Question

The system of equations: \[ x + 2y + 2z = 5, \quad x + 2y + 3z = 6, \quad x + 2y + \lambda z = \mu \] has infinitely many solutions if:

• A. \( \lambda \ne 2 \)
• B. \( \lambda \ne 2, \mu \ne 5 \)
• C. \( \lambda = 2, \mu = 5 \)
• D. \( \mu \ne 5 \)

Hint:

For infinitely many solutions, the system must reduce to dependent equations—use substitution and compare reduced equations.

Answer 1

The Correct Option is C

Step 1: Subtract equation 1 from equation 2: \[ (x + 2y + 3z) - (x + 2y + 2z) = 6 - 5 \Rightarrow z = 1 \] Step 2: Substitute \( z = 1 \) into both equations.
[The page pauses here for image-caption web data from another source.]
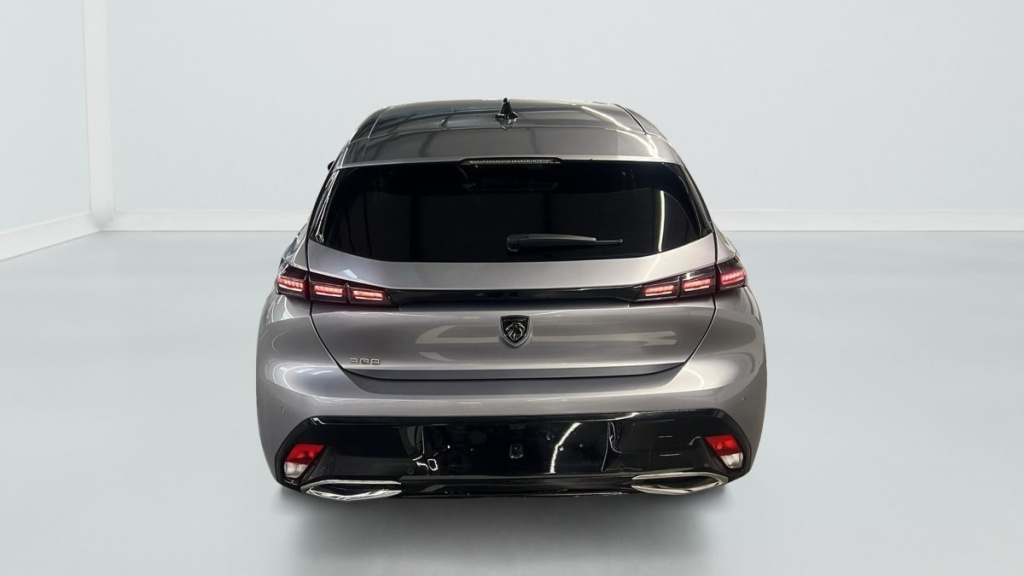 PEUGEOT 308 Hybrid 145 e-DCS6 Allure - ref: 1-369639 - Photo 6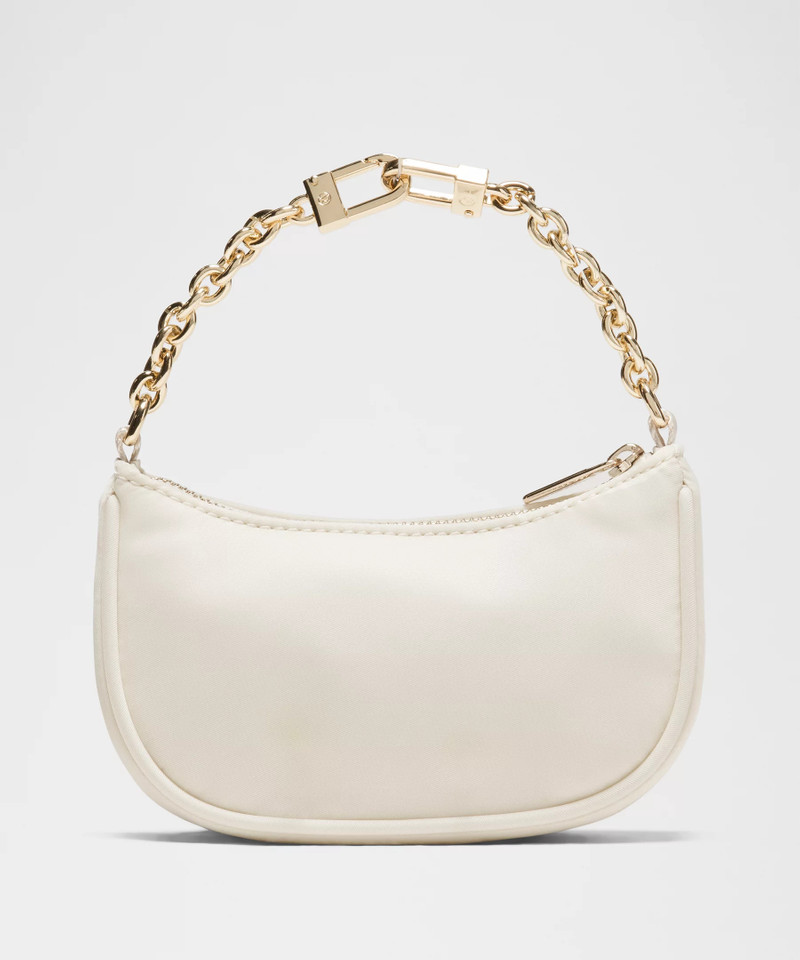 lululemon City Essentials Nano Shoulder Bag outlook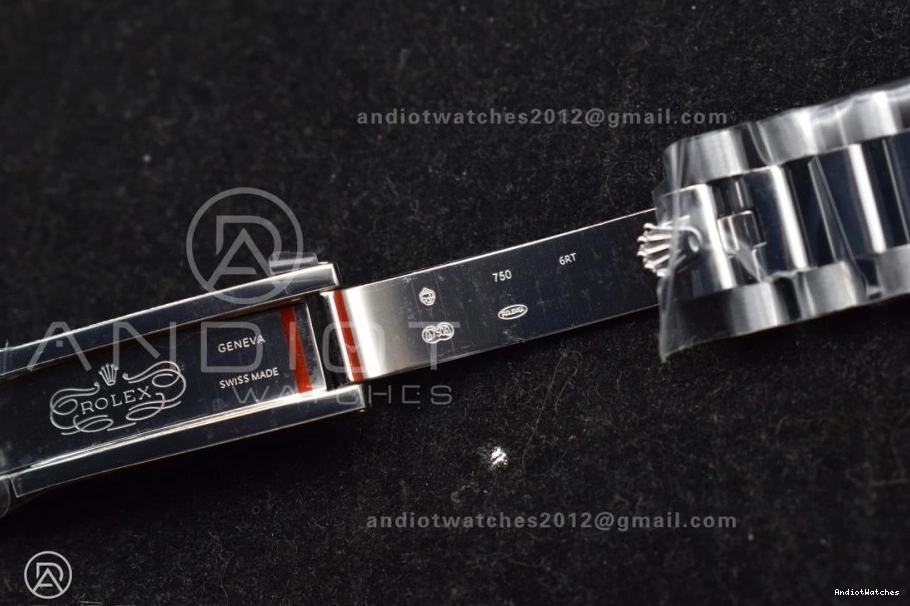 on Best Edition Steel 904L Blue V5 QF DayDate President SS Roman 680 Chic Dial Faded Bracelet Weight) 36 (Gain vr3255 0422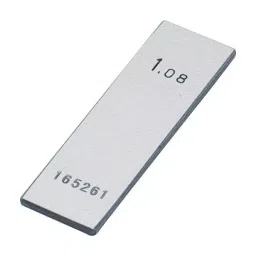 SK Niigata Seiki Block Gauge Equivalent to Class 0, GB0-108-image-42
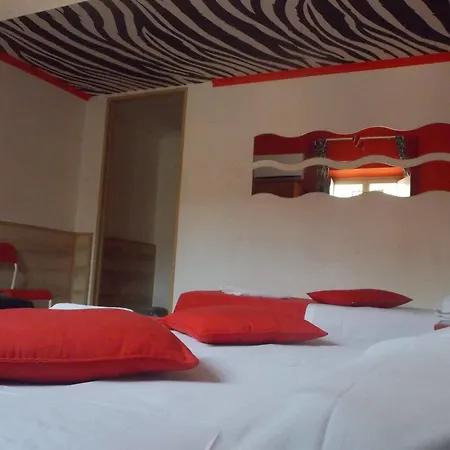 I Love Termini Bed & Breakfast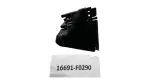 16691F0290 - : Radiator Support Air Deflector for Toyota Image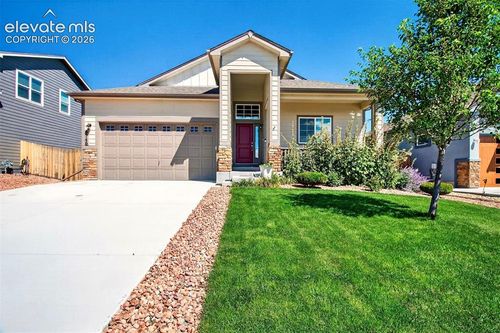 8746 Bittercress Dr, Colorado Springs, CO, 80925-9653 | Card Image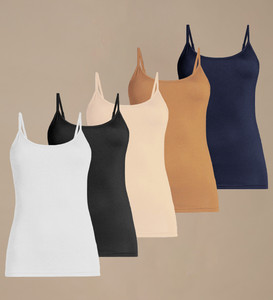 URBAN ADVENTURE Women Camisole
Substitute into equation 1: \[ x + 2y + 2 = 5 \Rightarrow x + 2y = 3 \quad \cdots (A) \] Substitute into equation 3: \[ x + 2y + \lambda(1) = \mu \Rightarrow x + 2y = \mu - \lambda \quad \cdots (B) \] For infinitely many solutions, equations (A) and (B) must be identical: \[ 3 = \mu - \lambda \Rightarrow \mu = \lambda + 3 \] Step 3: Use \( z = 1 \) from earlier. Substituting back into third equation gives: \[ \mu = \lambda + 3 \Rightarrow {Pick } \lambda = 2 \Rightarrow \mu = 5 \]